◆ What this task involves ◆
Reproduce exactly the lines of this material that begin at the line with "MS SUGAR SHOES" and end at the line with "Leadership in the", both included. Omit the pictures and everything else.
** Opening Available data block **
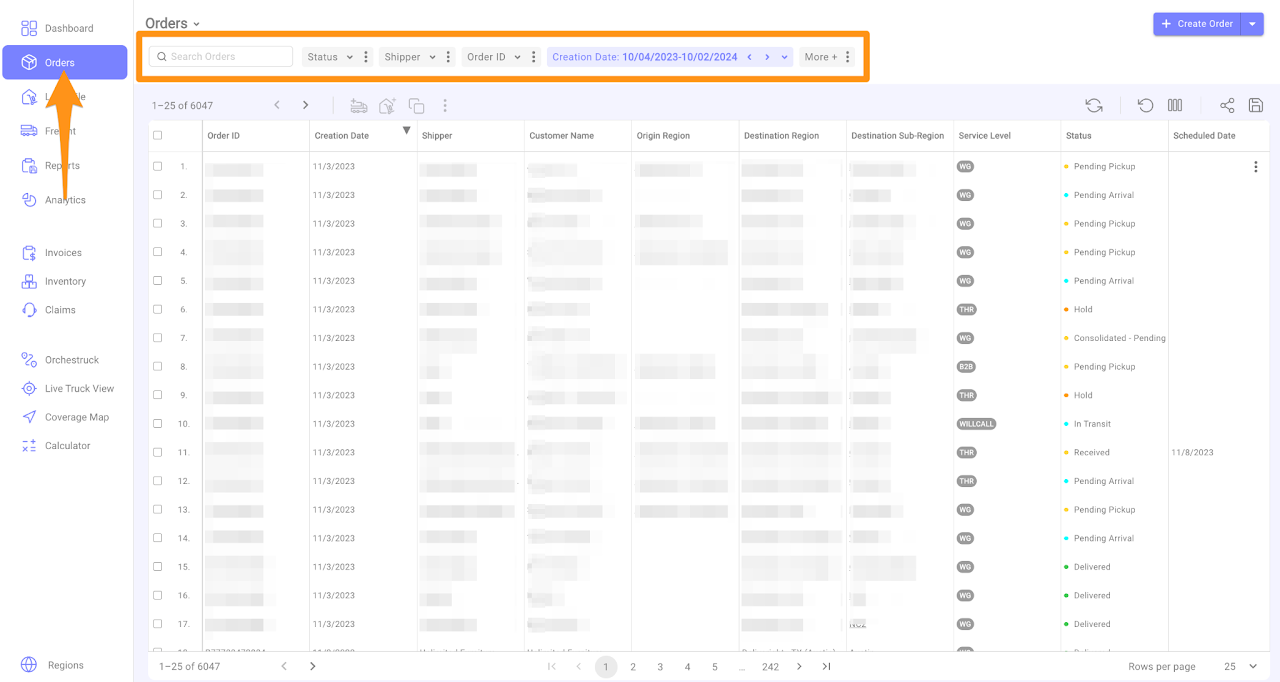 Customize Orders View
** Closing Available data block **
** Opening Available data block **
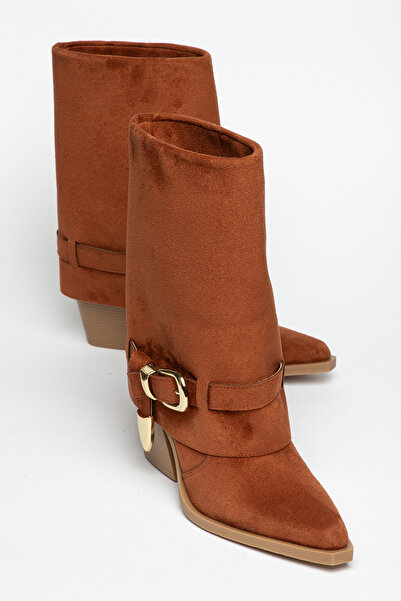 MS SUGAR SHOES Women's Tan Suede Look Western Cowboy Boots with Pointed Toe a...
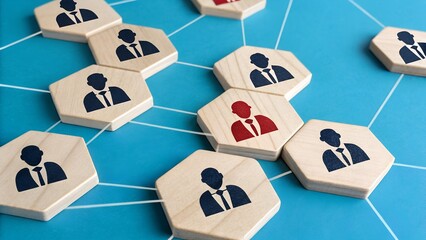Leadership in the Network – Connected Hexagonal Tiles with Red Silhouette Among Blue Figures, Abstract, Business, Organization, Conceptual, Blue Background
** Closing Available data block **
◆ Reply ◆
 MS SUGAR SHOES Women's Tan Suede Look Western Cowboy Boots with Pointed Toe a...
Leadership in the Network – Connected Hexagonal Tiles with Red Silhouette Among Blue Figures, Abstract, Business, Organization, Conceptual, Blue Background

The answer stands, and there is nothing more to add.